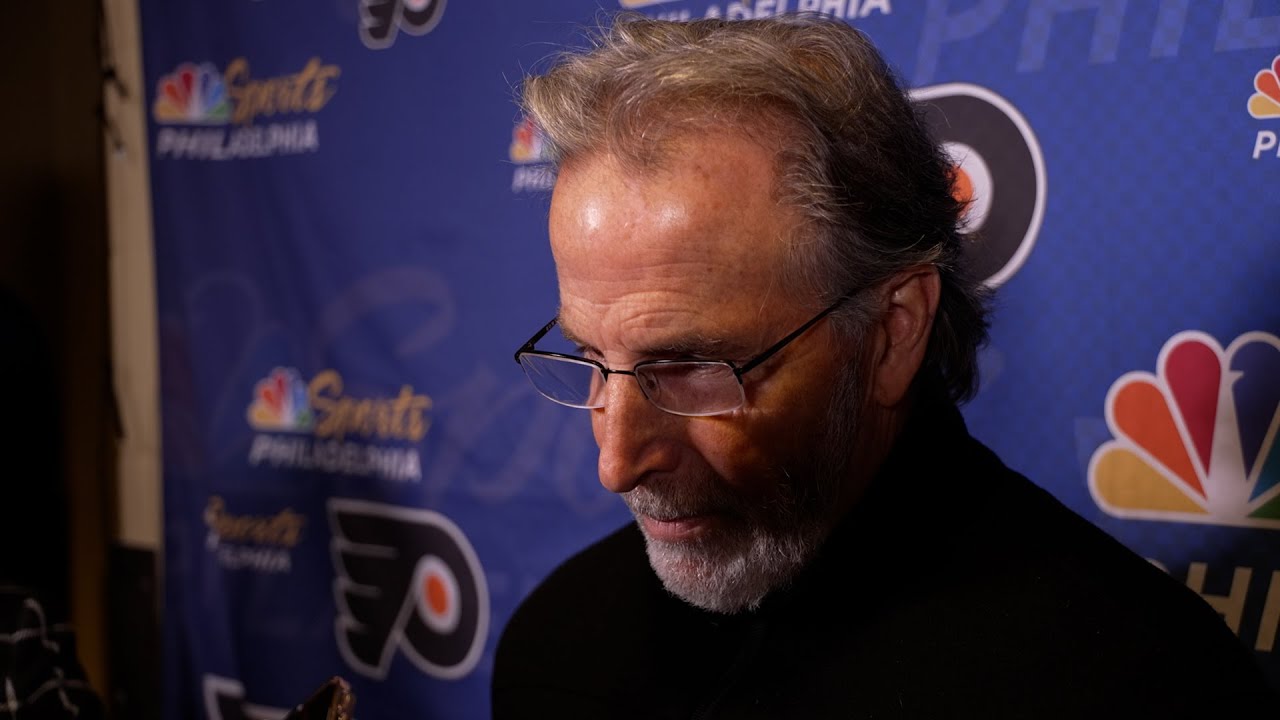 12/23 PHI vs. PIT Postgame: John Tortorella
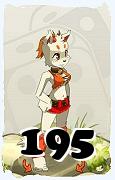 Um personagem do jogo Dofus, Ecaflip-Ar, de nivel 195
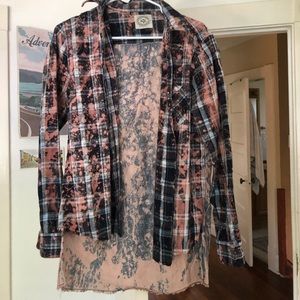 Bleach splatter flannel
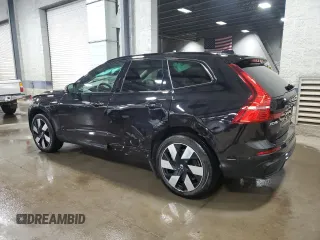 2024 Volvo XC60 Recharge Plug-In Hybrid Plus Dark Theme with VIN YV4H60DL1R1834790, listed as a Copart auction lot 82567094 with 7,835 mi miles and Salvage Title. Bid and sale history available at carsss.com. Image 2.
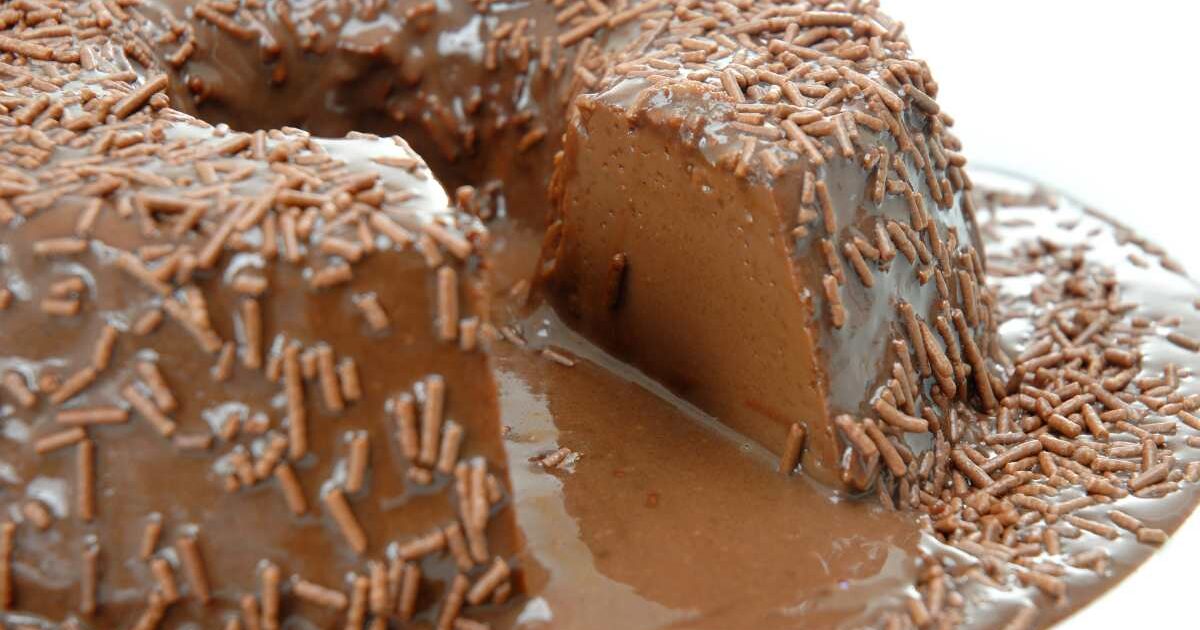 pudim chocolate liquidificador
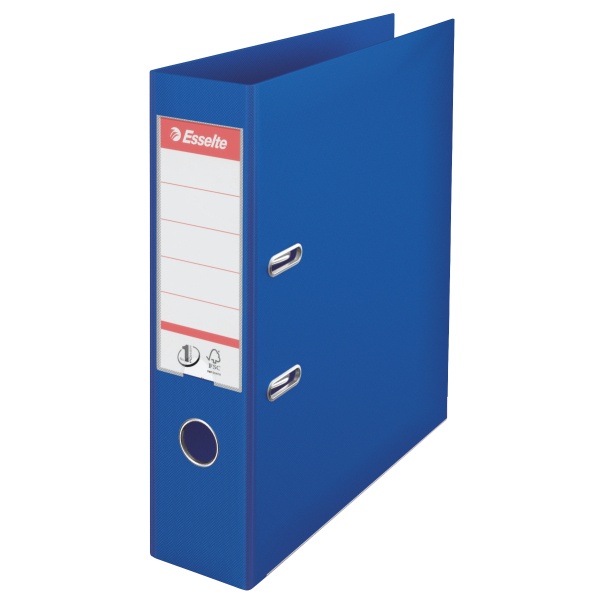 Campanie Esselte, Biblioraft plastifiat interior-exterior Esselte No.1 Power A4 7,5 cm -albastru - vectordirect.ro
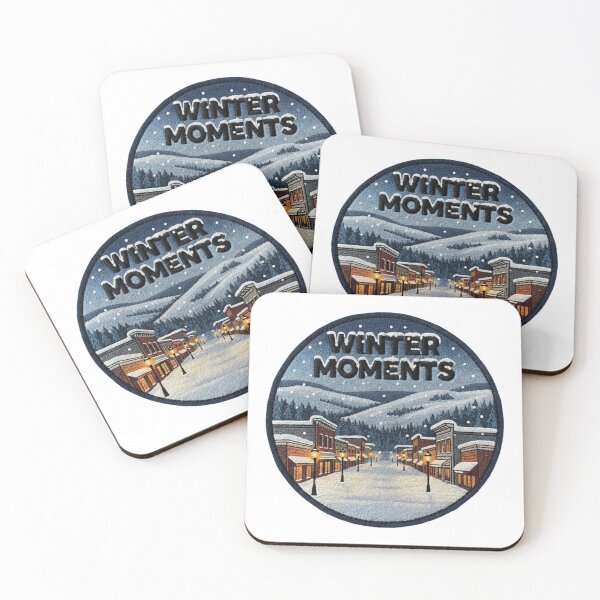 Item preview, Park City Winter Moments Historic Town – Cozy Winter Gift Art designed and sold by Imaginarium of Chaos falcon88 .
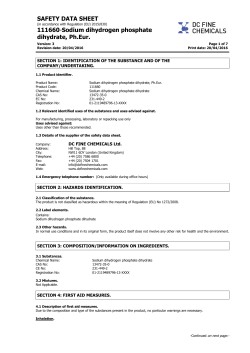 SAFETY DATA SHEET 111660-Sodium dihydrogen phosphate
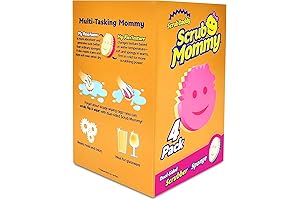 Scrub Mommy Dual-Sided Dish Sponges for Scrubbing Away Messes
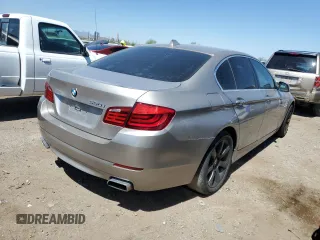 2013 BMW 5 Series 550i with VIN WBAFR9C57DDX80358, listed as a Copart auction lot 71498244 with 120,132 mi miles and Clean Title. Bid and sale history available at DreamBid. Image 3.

# # #

Exercise instructions
Without including any picture, print every record exactly as written above.

Exercise answer
 12/23 PHI vs. PIT Postgame: John Tortorella
 Um personagem do jogo Dofus, Ecaflip-Ar, de nivel 195
 Bleach splatter flannel
 2024 Volvo XC60 Recharge Plug-In Hybrid Plus Dark Theme with VIN YV4H60DL1R1834790, listed as a Copart auction lot 82567094 with 7,835 mi miles and Salvage Title. Bid and sale history available at carsss.com. Image 2.
 pudim chocolate liquidificador
 Campanie Esselte, Biblioraft plastifiat interior-exterior Esselte No.1 Power A4 7,5 cm -albastru - vectordirect.ro
 Item preview, Park City Winter Moments Historic Town – Cozy Winter Gift Art designed and sold by Imaginarium of Chaos falcon88 .
 SAFETY DATA SHEET 111660-Sodium dihydrogen phosphate
 Scrub Mommy Dual-Sided Dish Sponges for Scrubbing Away Messes
 2013 BMW 5 Series 550i with VIN WBAFR9C57DDX80358, listed as a Copart auction lot 71498244 with 120,132 mi miles and Clean Title. Bid and sale history available at DreamBid. Image 3.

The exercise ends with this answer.